- _EXERCISE_
Would you give the listing again exactly, without its images?

════════════════

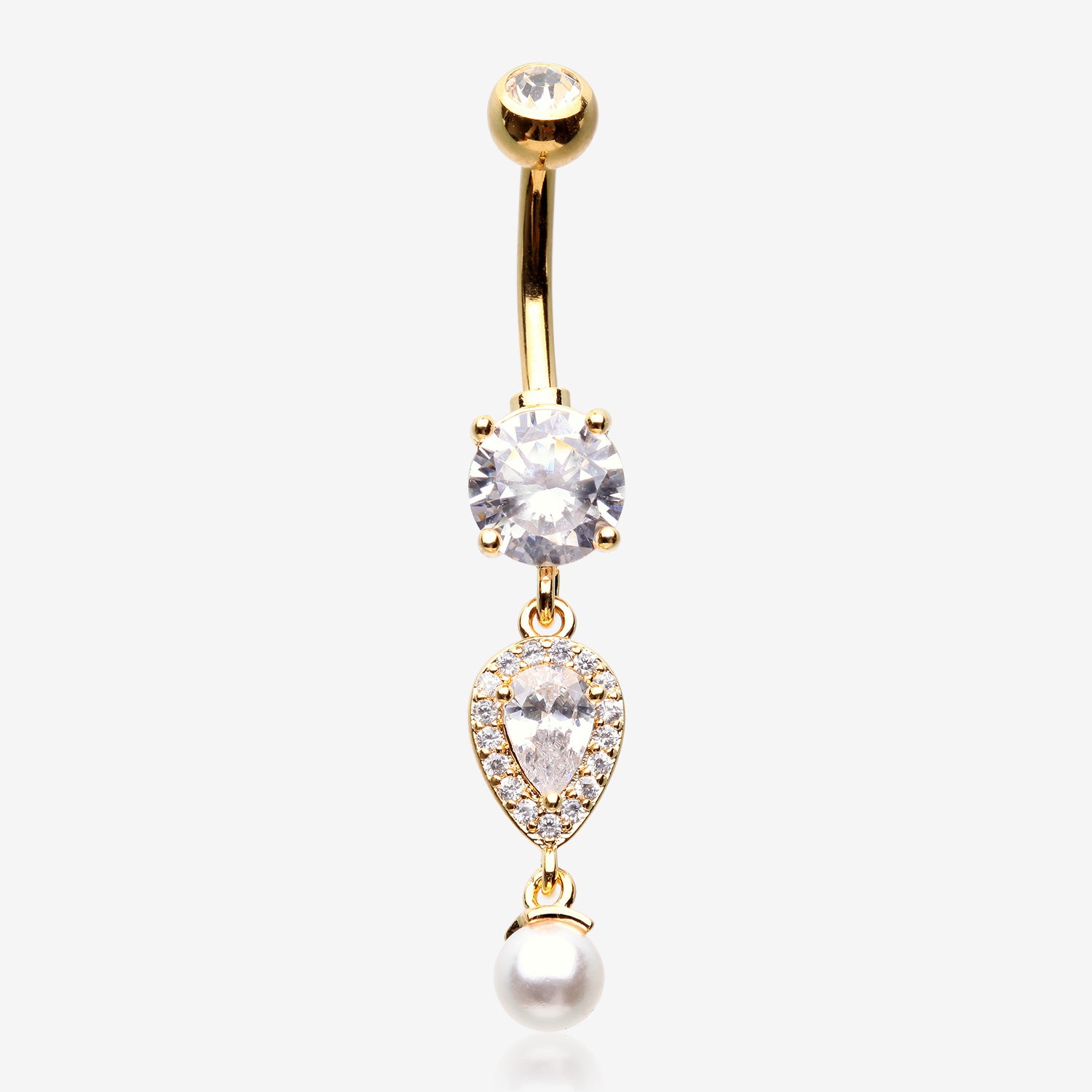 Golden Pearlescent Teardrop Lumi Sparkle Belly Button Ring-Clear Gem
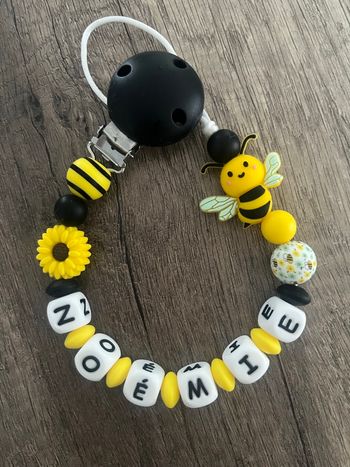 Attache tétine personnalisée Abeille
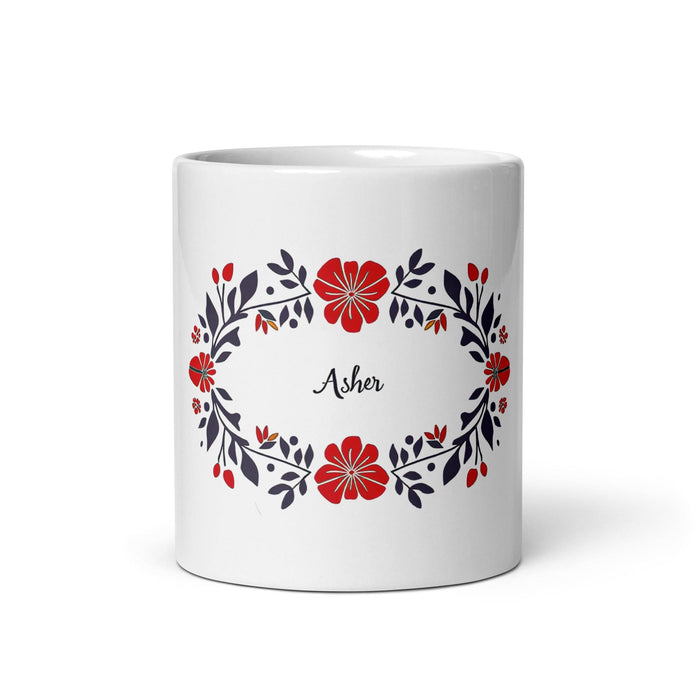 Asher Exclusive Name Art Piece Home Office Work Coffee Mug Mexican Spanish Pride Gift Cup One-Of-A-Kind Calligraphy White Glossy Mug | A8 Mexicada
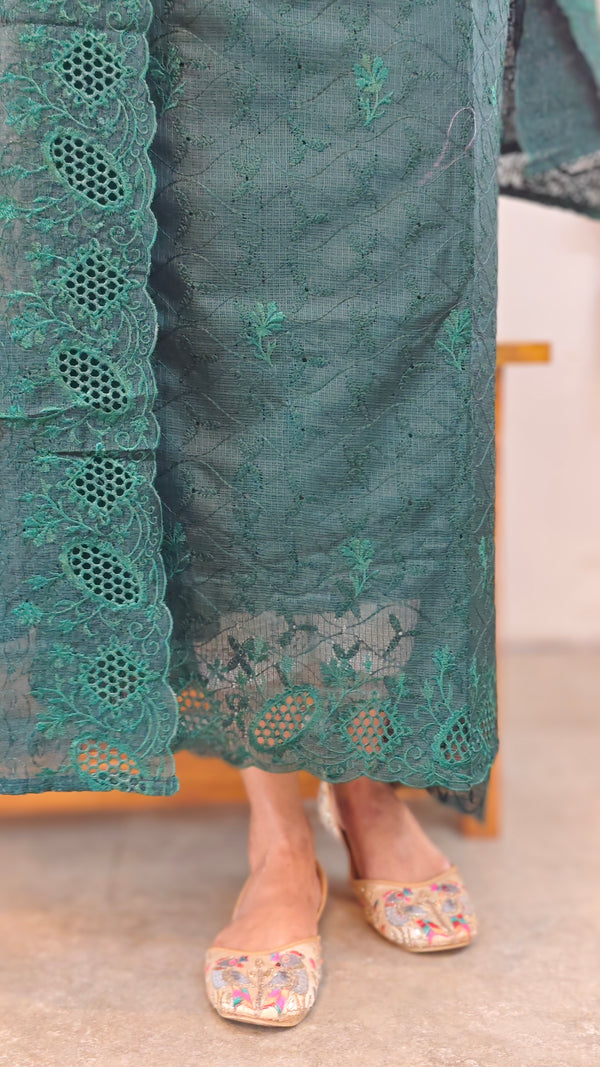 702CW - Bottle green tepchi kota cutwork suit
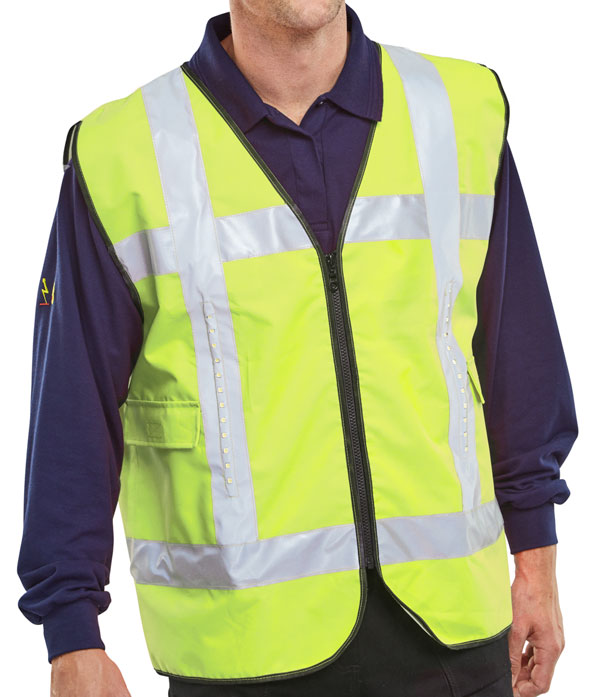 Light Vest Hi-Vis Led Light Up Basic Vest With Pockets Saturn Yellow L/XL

════════════════

- _PROBLEM SOLUTION_
 Golden Pearlescent Teardrop Lumi Sparkle Belly Button Ring-Clear Gem
 Attache tétine personnalisée Abeille
 Asher Exclusive Name Art Piece Home Office Work Coffee Mug Mexican Spanish Pride Gift Cup One-Of-A-Kind Calligraphy White Glossy Mug | A8 Mexicada
 702CW - Bottle green tepchi kota cutwork suit
 Light Vest Hi-Vis Led Light Up Basic Vest With Pockets Saturn Yellow L/XL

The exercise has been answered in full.